Advices like “you don’t have to start from the beginning”, “you don’t have to have a definite story line”, “but still you should have a general idea of where you want to go” didn’t really help me, because I don’t even know which language I should write in, and drafting and combining bits in French and English doesn’t seem to make much sense.
I want to clarify one thing here: I’m not bragging. My English is broken English. But I sometimes have ideas in English that I don’t have when I think in French. There are things that I can’t properly express in one language, but then, there are phrases that sound prettier, or truer in the other.
While I believe this situation is fairly common among -or at least makes sense for- those who call themselves “TCKs, third culture kids”, those who grew up in one or several country(ies) different from the one they (annd/or their parents) were born in, and attended international schools, with classmates from all around the world, it’s really not what it was like for me. I was born and raised in France, by French parents, and attended a regular French school in a small town.

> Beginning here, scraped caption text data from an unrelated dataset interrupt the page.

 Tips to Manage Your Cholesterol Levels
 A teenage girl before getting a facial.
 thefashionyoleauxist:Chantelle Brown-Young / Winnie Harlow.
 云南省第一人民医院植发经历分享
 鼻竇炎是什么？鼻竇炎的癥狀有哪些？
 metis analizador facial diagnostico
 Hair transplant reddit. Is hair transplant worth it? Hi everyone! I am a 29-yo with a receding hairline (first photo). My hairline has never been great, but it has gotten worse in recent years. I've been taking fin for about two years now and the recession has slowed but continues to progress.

Things started to change a bit when I went to university, because my school (and I usually don’t say many nice things about my school, but I will say this:) has this brilliant policy of wanting us to be open to new ideas, to the world, and thus, welcomes exchange students and makes mandatory for us to go study abroad. So when I was 20, I went to the States, to an almost Ivy College, where many TCKs go. And maybe for the first time in my (short) life, I understood that I was neither perfect, nor the brightest, that my English was not that good, and that I would keep my annoying French accent (omg your accent is so cute – will you please stop remind me about it please!) and that I would continue to make mistakes, and that some people would judge me, but that most would not.
And I started to feel a bit more free.
I learned new words. I was introduced to the verb “to frolic”, that my roommate really liked, and that made me smile, because in French, Frolic is dog food brand. I discovered that in American English, one doesn’t say “cupboard” but “cabinet”. I also started picking a couple of words from other languages (ok, only one, 안녕, annyeong, both hello and goodbye in Korean, and I’m ashamed to admit that I stayed stuck there, oh and I started to learn German, and then I forgot everything).

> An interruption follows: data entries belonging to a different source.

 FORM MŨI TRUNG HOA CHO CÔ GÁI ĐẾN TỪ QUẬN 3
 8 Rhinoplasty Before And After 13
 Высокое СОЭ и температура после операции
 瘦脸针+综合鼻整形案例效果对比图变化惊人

I started to understand how to use the comma in English –spoiler: the rules are very different in French and in English.
I started to twist French grammar, and to use anglicisms.

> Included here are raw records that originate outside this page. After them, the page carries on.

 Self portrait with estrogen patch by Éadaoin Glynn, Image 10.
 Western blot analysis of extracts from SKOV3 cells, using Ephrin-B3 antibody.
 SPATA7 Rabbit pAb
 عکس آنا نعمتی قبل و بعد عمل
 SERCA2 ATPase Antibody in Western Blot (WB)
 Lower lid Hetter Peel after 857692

Before moving to the United States, I hoped that I would start dreaming in English, as I believed that it would prove that I would have graduated to the very-much-wanted “bilingual” level of language proficiency. And sometimes I did. And some other times, I dreamed that I was not able to express myself and made myself understood by the person I was talking to. Or I would wake up and realize that my grammar was completely off.
One thing that I did not anticipate is that I would start to give myself prep-talk in English (and as of today, I still do), and that I would develop different ideas when using one or the other language, that I would be more optimistic, and more daring when speaking English (I have since then read articles about how language affects your perceptions, thoughts and personality, it is fascinating).
Another thing that I did not anticipate, and that I was not told would happen, is that I sometimes doubt myself, and censure my thoughts and projects, because I am not sure whether I should use English or French to nurture them.
So here I am, on that blog with a domain name (that I really like, with an intended play on words) in French, pondering (note: ponder is for instance a word that I really like, for I feel like it echoes the noise that the wrestling contest between my contradicting thoughts would make if it was not taking place inside my head), once again, whether I should write in French or English.
I’ve considered the question “who am I writing for, who is my target audience?” but once again, the answer was anything but clear. After living abroad for a few years, I have French friends living in France, French friends living abroad, and friends from other countries, living all around the world. And anyway, would my friends ever read my rants?
And here you have it, another reason not to write. Or on the contrary, to let my thoughts flow.